Soffiate e investimenti in Svizzera bufera sull’ex vicecapo dei servizi
NAPOLI — Sette milioni di euro ricavati dal clan camorristico Polverino con la realizzazione di un centro commerciale. E dieci milioni di euro del Fec, il Fondo edifici di culto del Viminale. Soldi della camorra e denaro pubblico, investiti in Svizzera allo stesso modo: attraverso il produttore cinematografico e promotore finanziario napoletano Edoardo Tartaglia e il broker di Lugano Rocco Zullino. I due sono in carcere con l’accusa di aver riciclato i 7 milioni del clan Polverino. Ma le indagini della procura di Napoli hanno fatto venire alla luce anche le «trame oscure» che avrebbero legato Tartaglia al prefetto Franco La Motta, ex vice capo del-l’Aisi, il servizio segreto civile, destinatario di una perquisizione eseguita dai carabinieri e indagato da due uffici giudiziari. A Roma, dal pm di Roma Paolo Ielo, che ipotizza un peculato per la vicenda del Fec, fondo di cui La Motta è stato direttore tra il 2003 e il 2006.

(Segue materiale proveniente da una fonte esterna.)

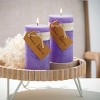 6" Timber Pillar Candle - 3 of 3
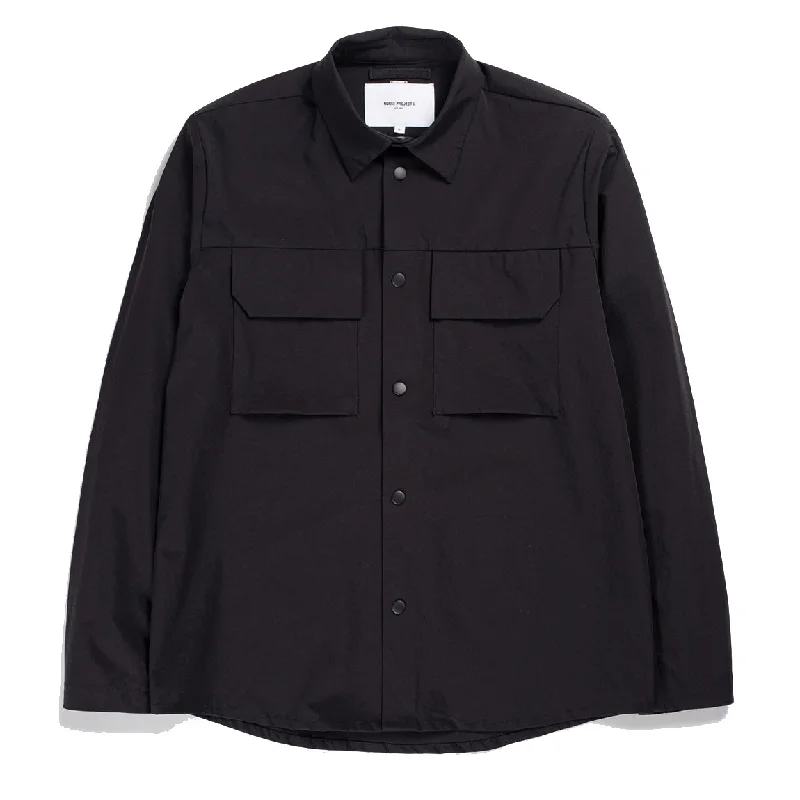 Norse Projects Jens Travel Light Shirt Black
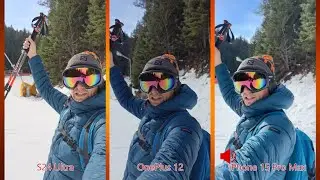 S24 Ultra vs OnePlus 12 vs iPhone 15 Pro Max | 4K60FPS Video Stabilization & Sound Comparison!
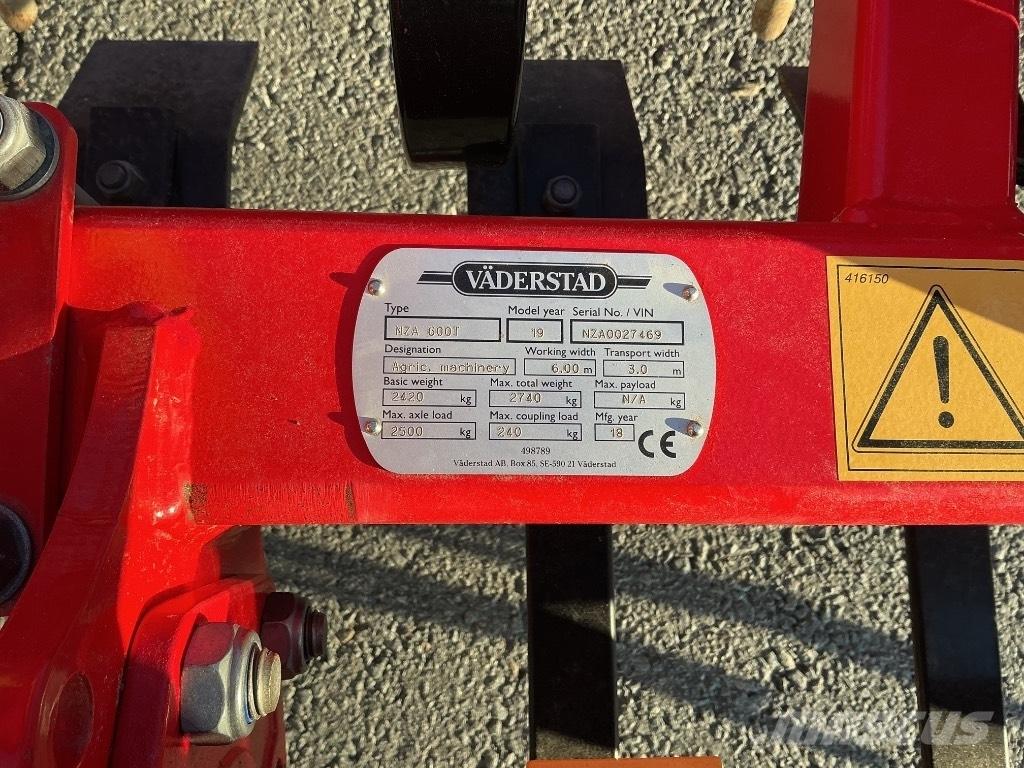 Väderstad NZA600 Drljače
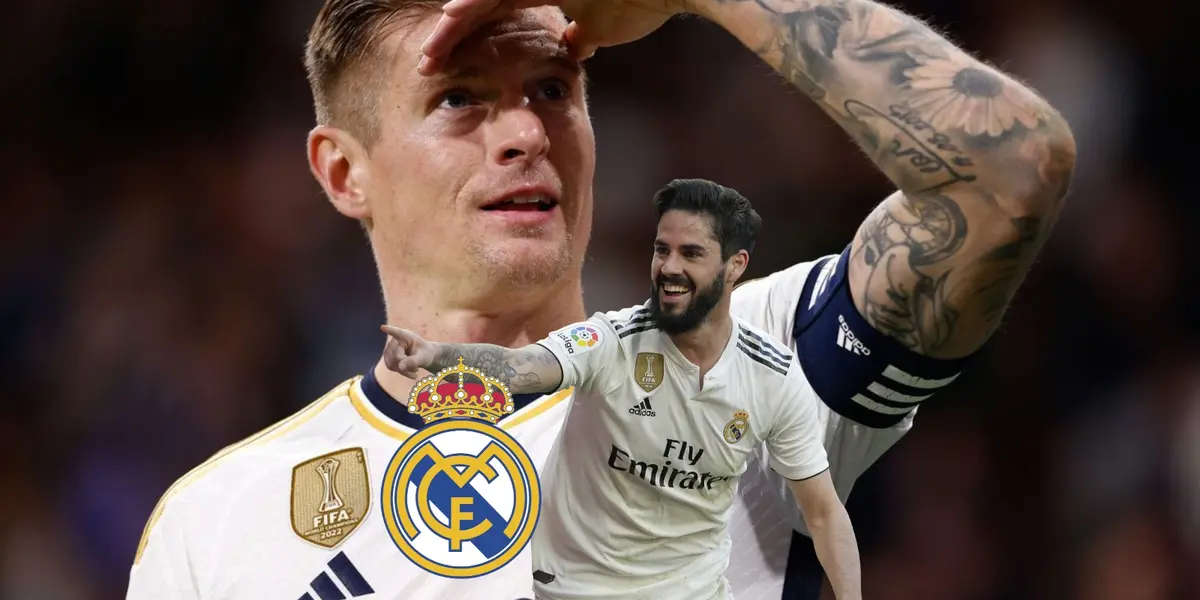 Real Madrid busca renovarle, el sorprendente pedido de Isco a Toni Kroos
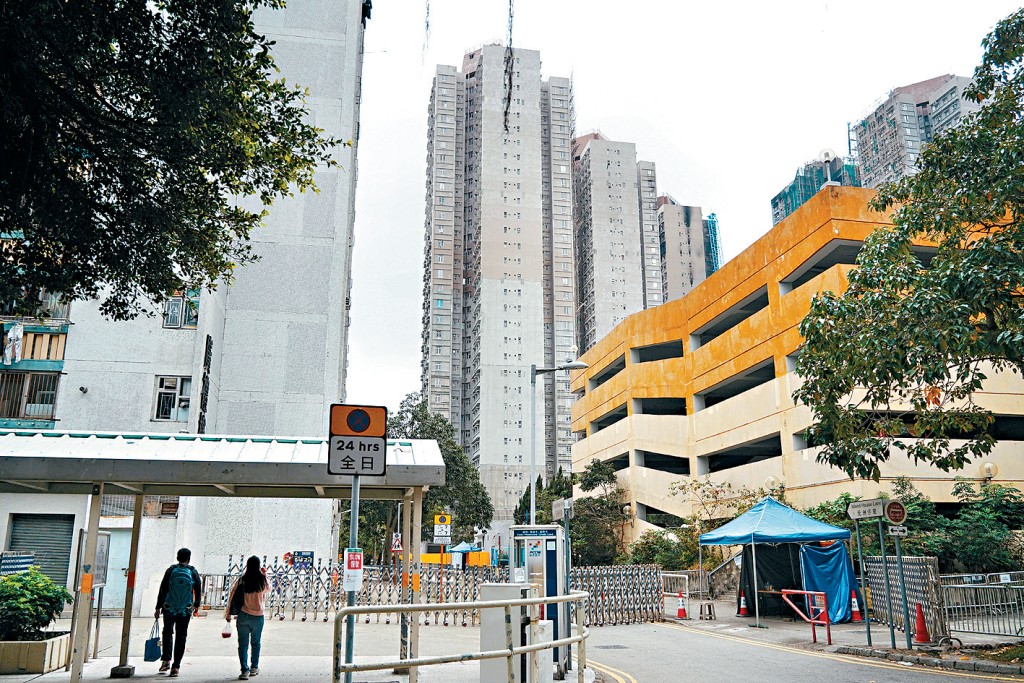 宏志閣現階段不納入收購業權方案，亦無「樓換樓」安排。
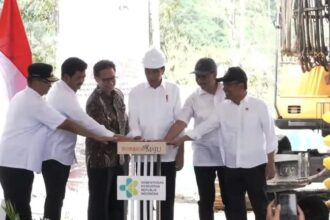 Peletakan Batu Pertama Hotel Di Ikn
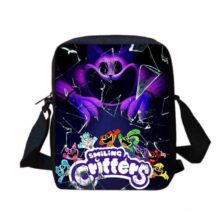 Cartoon Kawaii Smiling Critters Shoulder Bag Cartoon Kawaii Smiling Critters Shoulder Bag
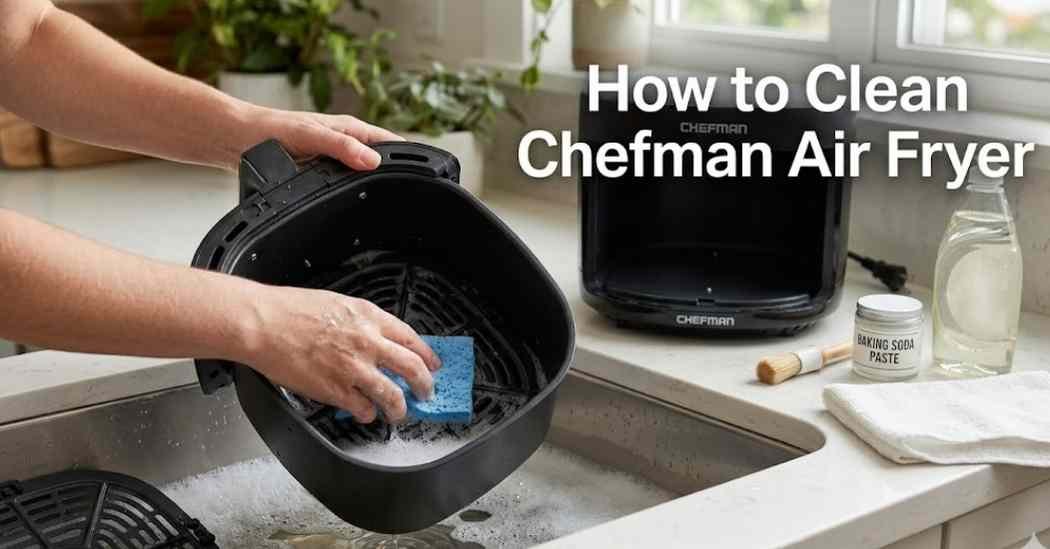 How to Clean Chefman Air Fryer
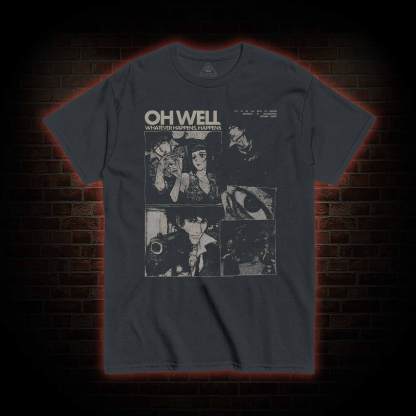 Whatever Happens Vintage T-shirt 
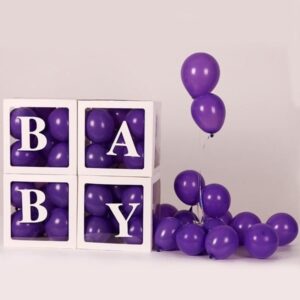 BABY’ WHITE BOXES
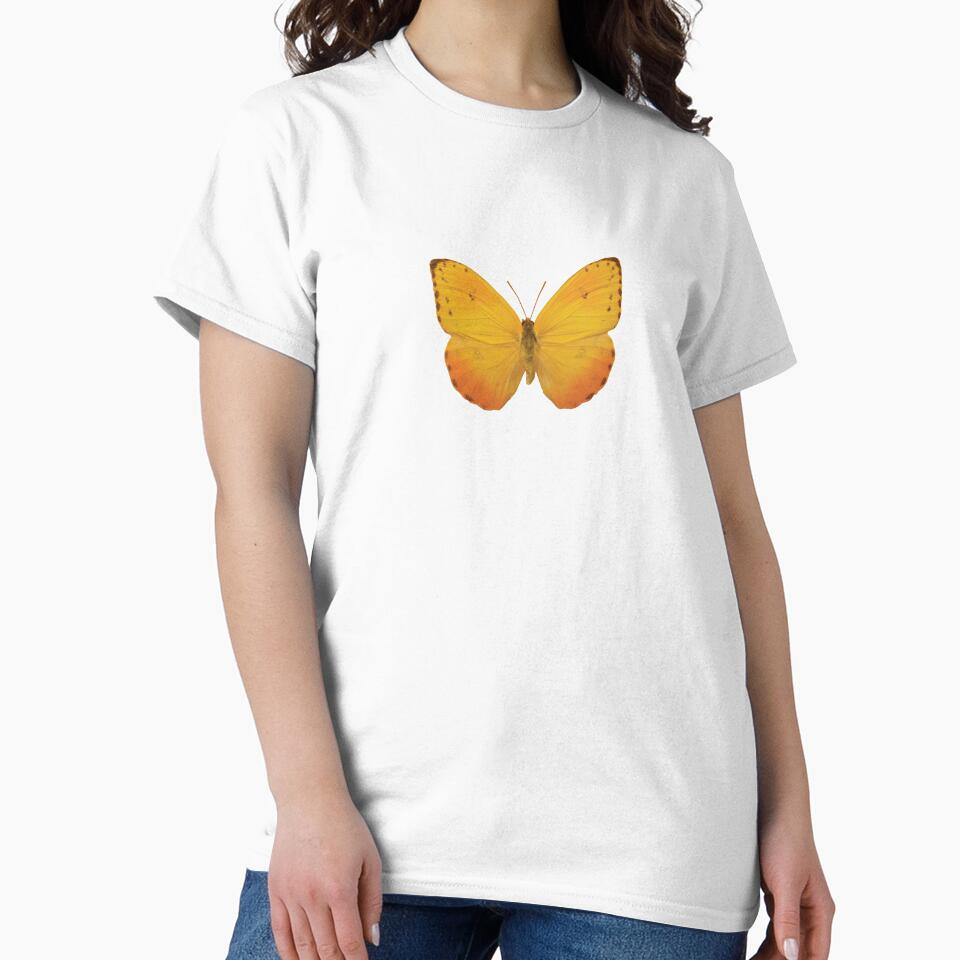 golden yellow butterfly by katherine76 T-Shirts, Hoodie, Sweatshirt | BlankRebels.com (Image 2)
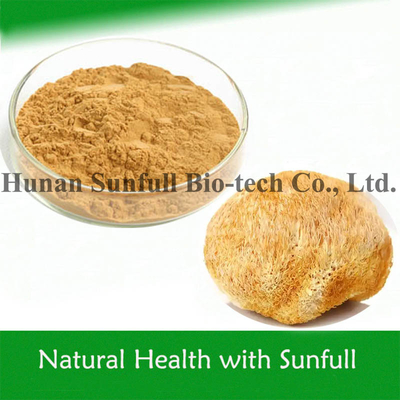 Chất chiết xuất nấm Hericium Erinaceus Polysaccharide cấp thực phẩm cho sức khỏe tự nhiên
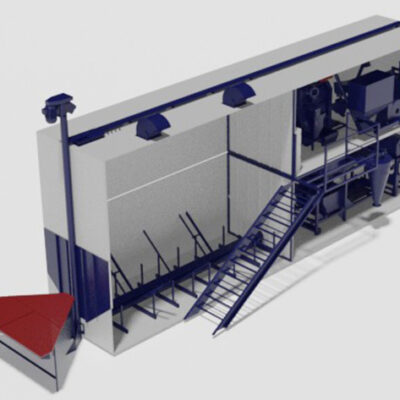 Containerised Maize Mill 1.5TPH with storage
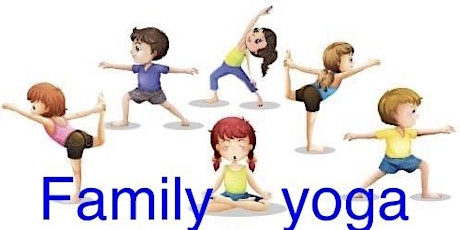 Family Yoga NORTH-WEST LONDON, NW4 EVERY MONDAY from 5:45pm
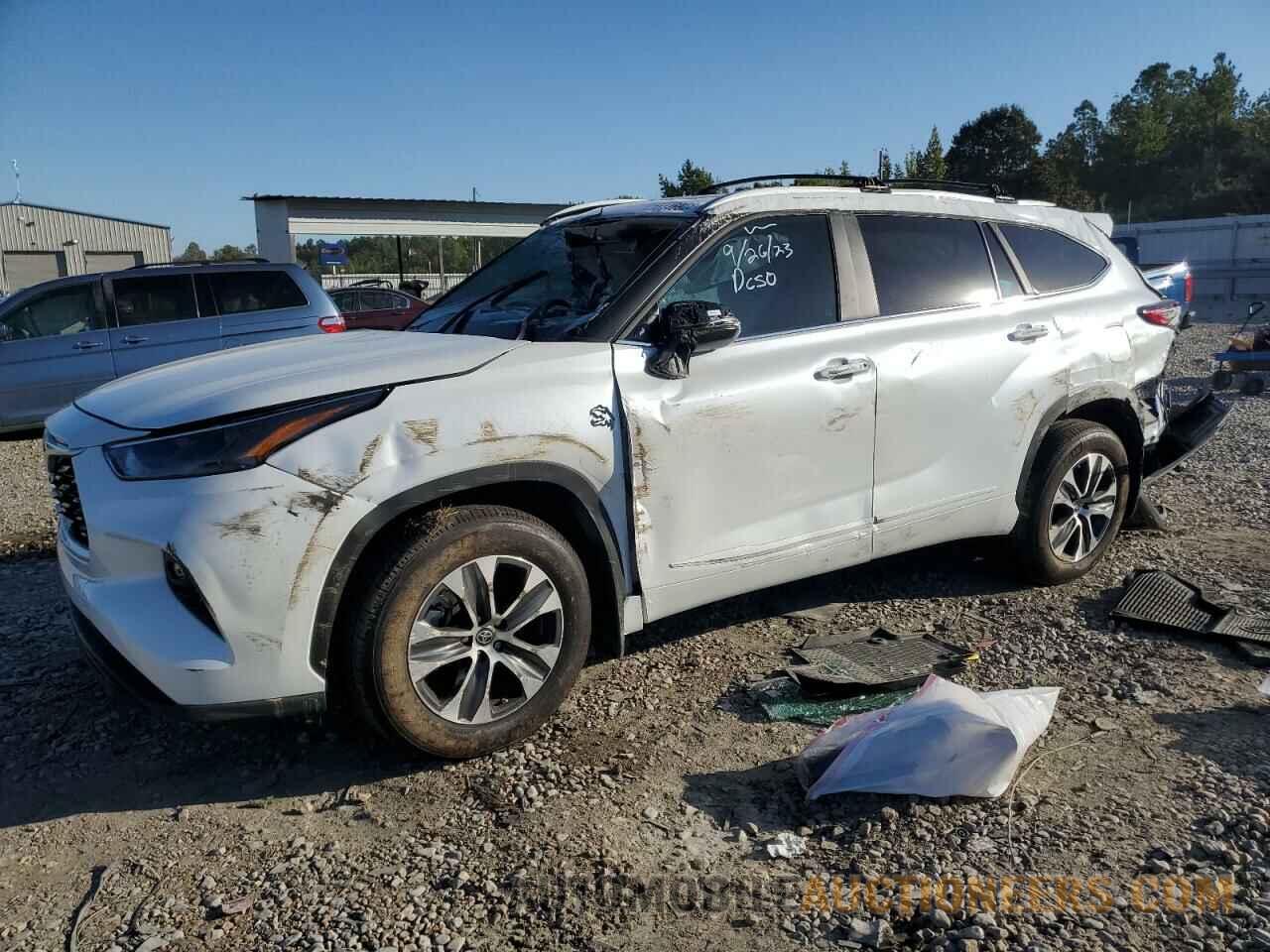 5TDKDRBH9PS037981 TOYOTA HIGHLANDER 2023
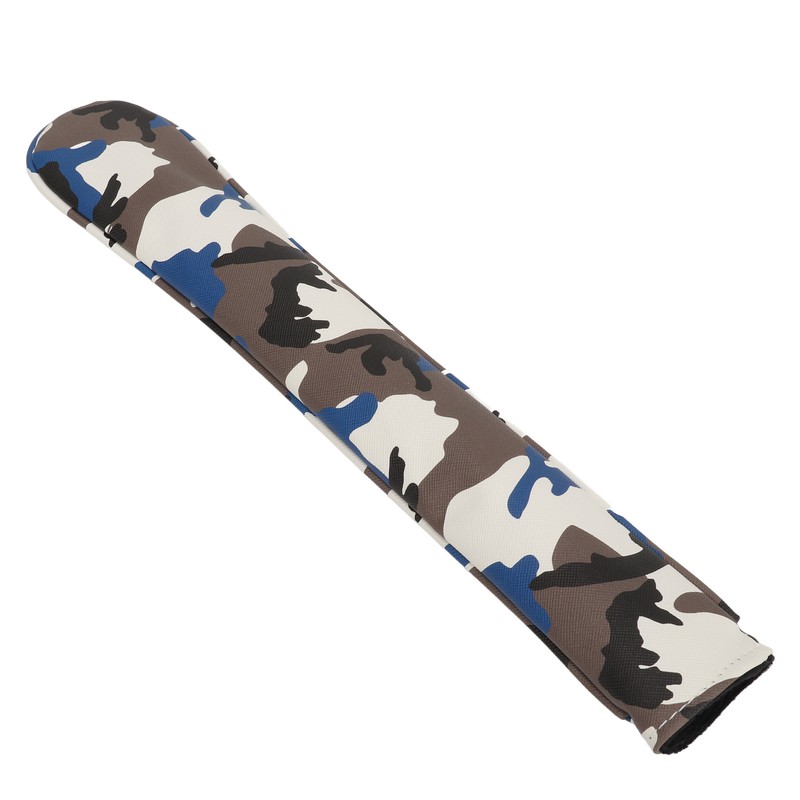 Golf Alignment Stick Cover Waterproof Thickened Plush Camo Pattern Alignment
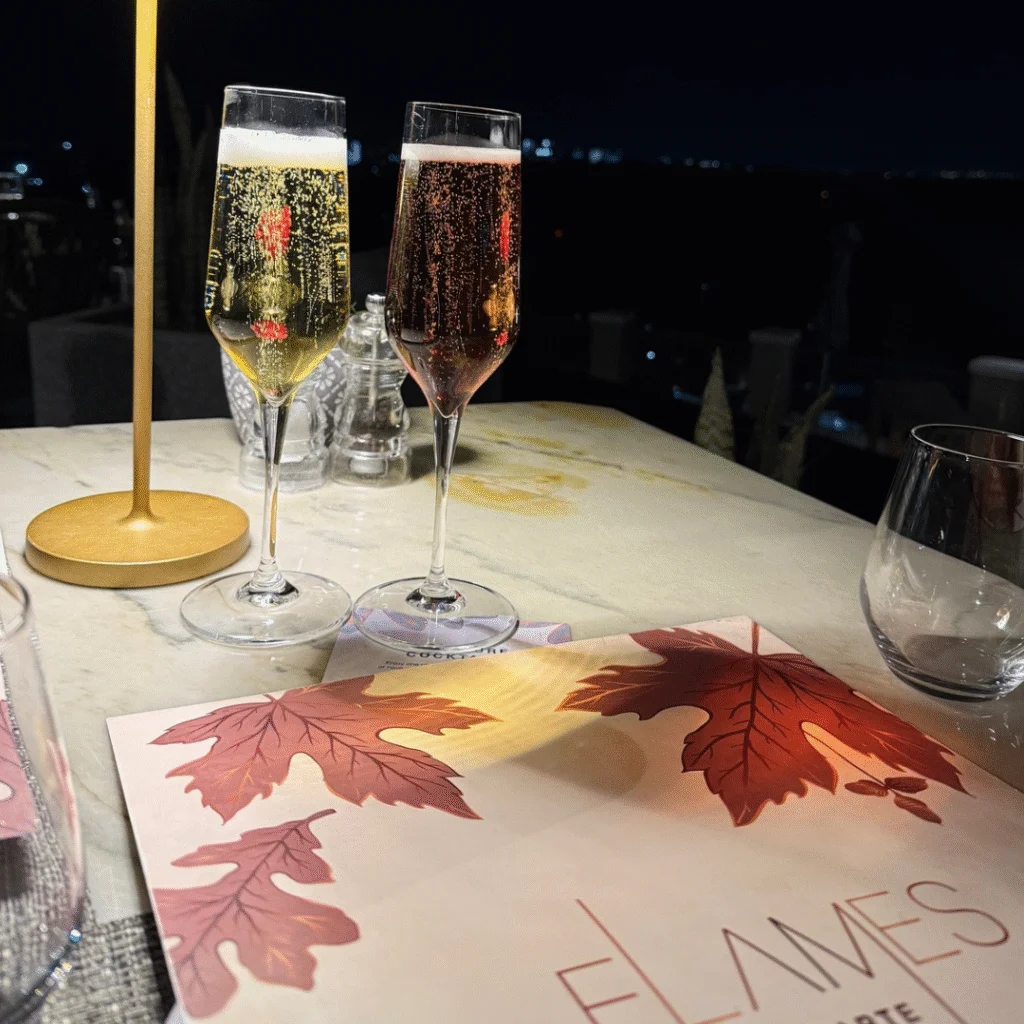 Flames Restaurant at Four Seasons Hotel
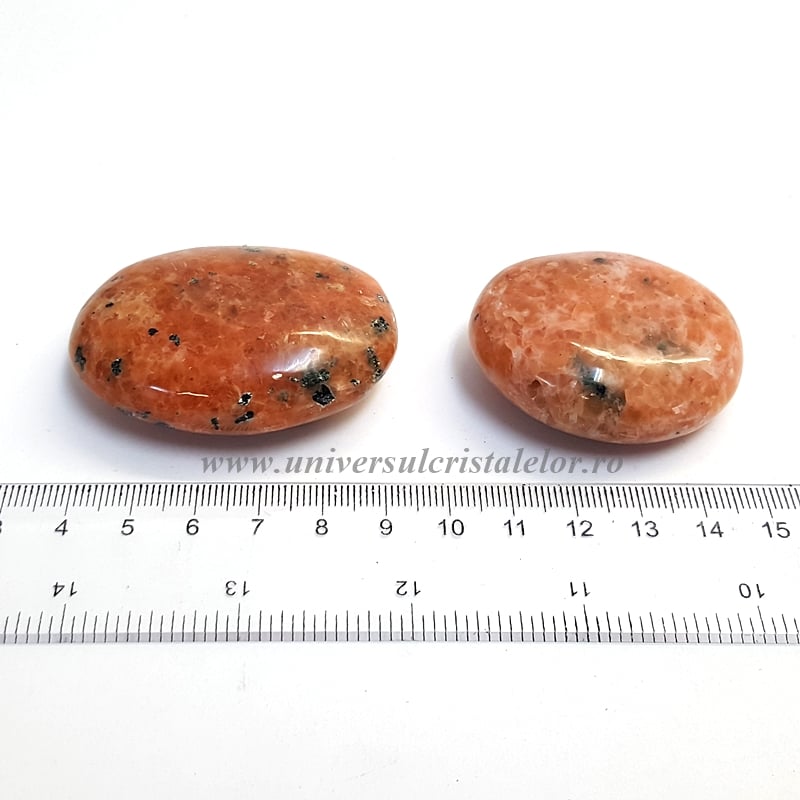 Calcit piersica polisat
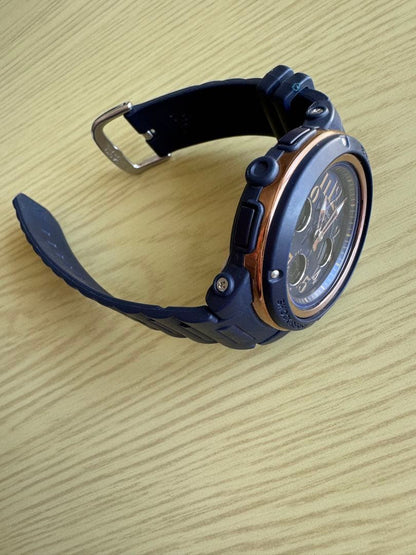 Casio Baby-G BGA-150PG-2B2JF Model Navy Gold Watch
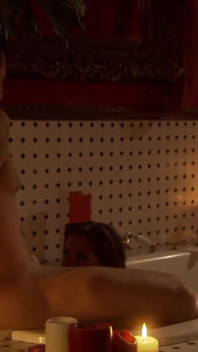 Haley Paige gets fucked in the bathroom to celebrate anniversary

E a Napoli, dai pm Antonello Ardituro, Marco Del Gaudio e Maria Cristina Ribera che, con il procuratore aggiunto Giovanni Melillo ipotizzano associazione per delinquere con Tartaglia e rivelazione del segreto d’ufficio. Il prefetto potrà replicare alle accuse nei successivi passaggi dell’indagine.
Il primo a fare il nome dell’ex numero 2 dell’Aisi ai pm napoletani era stato il pentito del clan Polverino Roberto Perrone: «Tramite il cugino, prefetto La Motta dei servizi segreti, Tartaglia ci informava delle indagini», ha detto Perrone. Sostiene il collaboratore di giustizia che Nicola Imbriani, imprenditore ora in carcere perché ritenuto legato alla cosca, avrebbe «frequentato a Roma » il prefetto, il quale gli avrebbe regalato biglietti per il festival di Sanremo e un’agenda con il logo dei Servizi segreti. Imbriani avrebbe detto di essere riuscito «a bloccare indagini in corso e “silurare” un pm» proprio grazie a La Motta. Dichiarazioni che ora i
magistrati dovranno verificare trovando i doverosi riscontri. Ma il collaboratore di giustizia ha delineato un contesto fatto non solo di presunte “soffiate”. «Tartaglia afferma Perrone – era persona che si occupava di operazioni finanziarie e di trasferimento di valuta all’estero per numerose persone e ai massimi livelli. E per come mi diceva Imbriani, godeva in questa attività delle coperture assicurategli dal prefetto». Una di queste operazioni sembra essere quella dei dieci milioni di fondi Fec investiti presso l’istituto svizzero Hottinger. I soldi però non si trovano. Il Viminale, che presenterà anche un esposto, chiede chiarimenti. E Zullino, si legge negli atti depositati dopo la convalida dei fermi, «ritenutosi abbandonato» e «messo alle strette dai vertici del Fec», minaccia di rivelare «le oscure trame intrecciate da Tartaglia e dal prefetto La Motta». In una telefonata del 3 maggio, Zullino si sfoga: «Devi mettere a posto una c.ta la metti a posto! Ma devi mettere a posto una cosa colossale…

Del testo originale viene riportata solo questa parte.